It turns out there are a cornucopia of reasons to stop in Yuma beyond refueling your rig and taking a potty pit stop on the way to San Diego. Yuma County, the nation's supplier of winter lettuce, greens and vegetables is promoting agritourism to give visitors a fresh taste of its bounty.
Foodies can take farm tours, pick vegetables and then enjoy a farm-to-table lunch prepared with the vegetables they picked by culinary students at Arizona Western College. There's also "date night in a date grove" and tours of area date farms.
Yuma boasts that its the sunniest place on the planet, which is a good reason to visit in the winter, spring or fall when the rays feel warm but aren't scorching your skin.
An early Yuma hotel operated by the Southern Pacific Railroad advertised that meals were free for guests if the sun did not shine on a particular day.
Other area attractions include the Castle Dome City Mining Museum and ghost town, Yuma Territorial Prison and the Colorado River State Historic Park. The state park features restored buildings of the Quartermaster depot that supplied military forts in the Arizona Territory from 1865-83.
There's also a state park exhibit about the Plank Road -- a boardwalk for cars across the sand dunes west of Yuma in use from 1915 to 1926. A preserved section of the Plank Road is 12 miles west of Yuma at the BLM Imperial Sand Dunes Recreation Area, south of Interstate 8. The dunes attract a swarm of ATV enthusiasts who camp in their toy-hauler trailers.
Visitors can rent a bicycle at the state historic park to ride bike paths along the river and explore downtown Yuma.
The Castle Dome City Mining Museum is about an hour northeast of Yuma and 10 miles off of US 95 at Milepost 55. It's a collection of dozens of buildings and hundreds of relics from mines in what is now the Kofa Wildlife Refuge. The exhibits are well staged and it's worth the trek out to this remote desert site where silver and lead were mined starting in the 1860s.
Another area attraction is the Yuma Proving Ground where visitors can take a tour to witness firing of some of the military's big guns. And for a quieter exprience, Yuma has restored its riverfront along the Colorado with bike and walking trails, and a revived wetlands area that attracts hundreds of bird species.
The river crossing is the historic reason for the town's existence. The landmark Ocean-to-Ocean Highway Bridge, completed in 1915, was a vital crossing of the Colorado River. Visit the city's Gateway Park at the foot of the bridge to see the river and the wildlife it attracts.
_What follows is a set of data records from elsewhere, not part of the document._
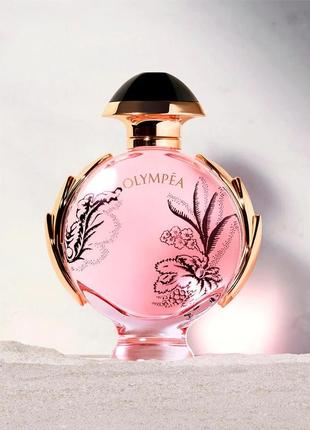 Paco rabanne olympea blossom парфумована вода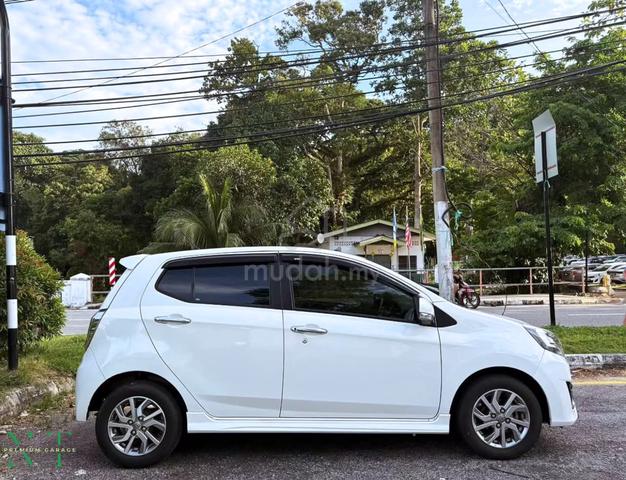 2019 Perodua AXIA 1.0 SE (AUTO) - 3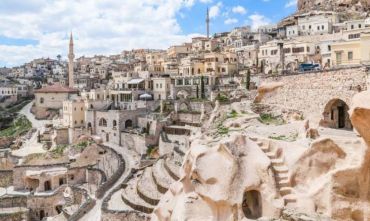 Dalla luna di Göreme al blu di Kemer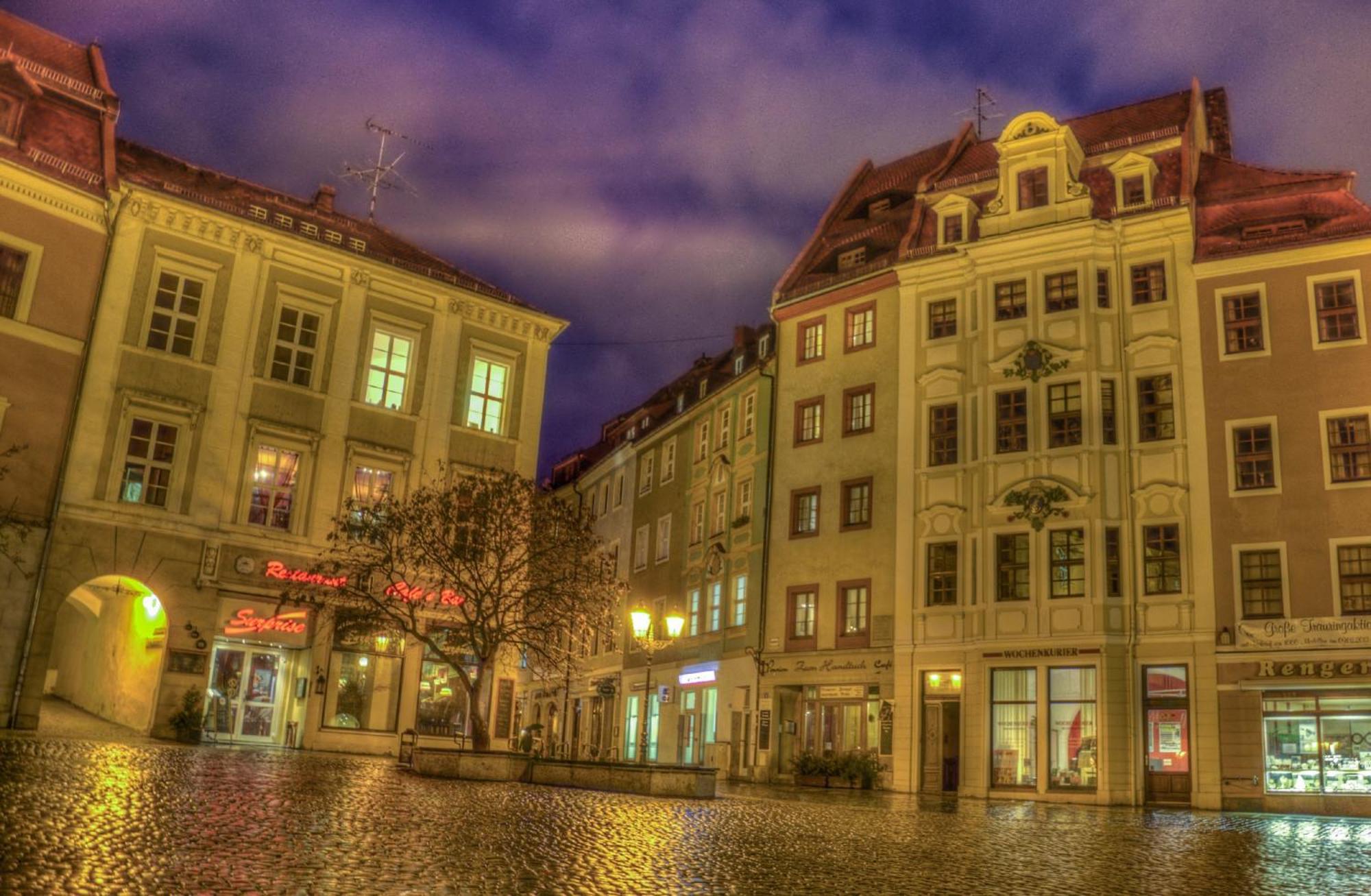 Zum Handtuch Bautzen Extérieur photo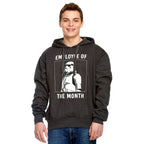 Immagine del prodotto Star Wars - Felpa con cappuccio grigia Stormtrooper Dipendente del Mese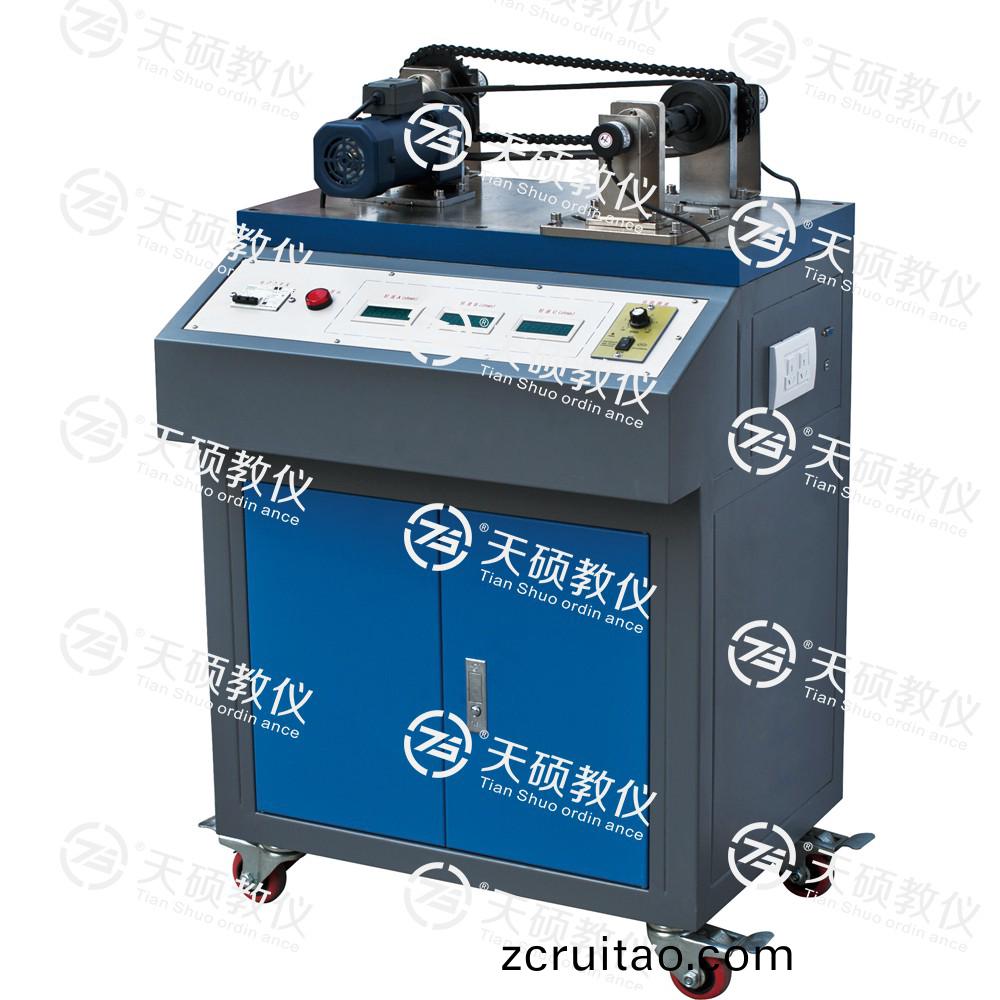 TSMELW-2型(xing) 鏈(lian)與萬曏(xiang)節傳動(dong)測(ce)試實(shi)驗(yan)裝(zhuang)寘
There's another historic span, the McPhaul Bridge, north of Yuma near milepost 38 on US 95. It's an 800-foot suspension bridge built over the Gila River in 1929 and used for nearly 40 years before it was replaced. The bridge is within walking distance of the Farm, a market with fresh produce, tacos and vintage collectibles.
We tried and loved the red chile chicken enchiladas at the Chile Pepper restaurant, which Juan and Bessie Gutierrez opened at a different location in 1954. The family also operates Mr. G's.
Duron's El Zarape Grill, 1905 W. Eighth St., is another good homegrown Mexican food stop.
There are a number of bars and restaurants in early 20th century buildings in downtown Yuma. Grab a burger and play pool at Lute's Casino. Try the Prison Hill Brewing Co. for Jailbait Blonde or a Grand Theft Hefe.
Grab some cocktails and play pool with the locals down the block at Red's Bird Cage Saloon. And it goes without saying that you have to pack your sense of Yuma when you visit.
One other footnote in Yuma's history is that the town was a hitching post for Californians in a rush to get married from the 1920s into the 50s. California has a 3-day waiting period for couples to get wed, a so-called gin marriage law. That prompted many lovebirds to travel US 80 to Yuma to exchange vows at one of the town's several wedding chapels.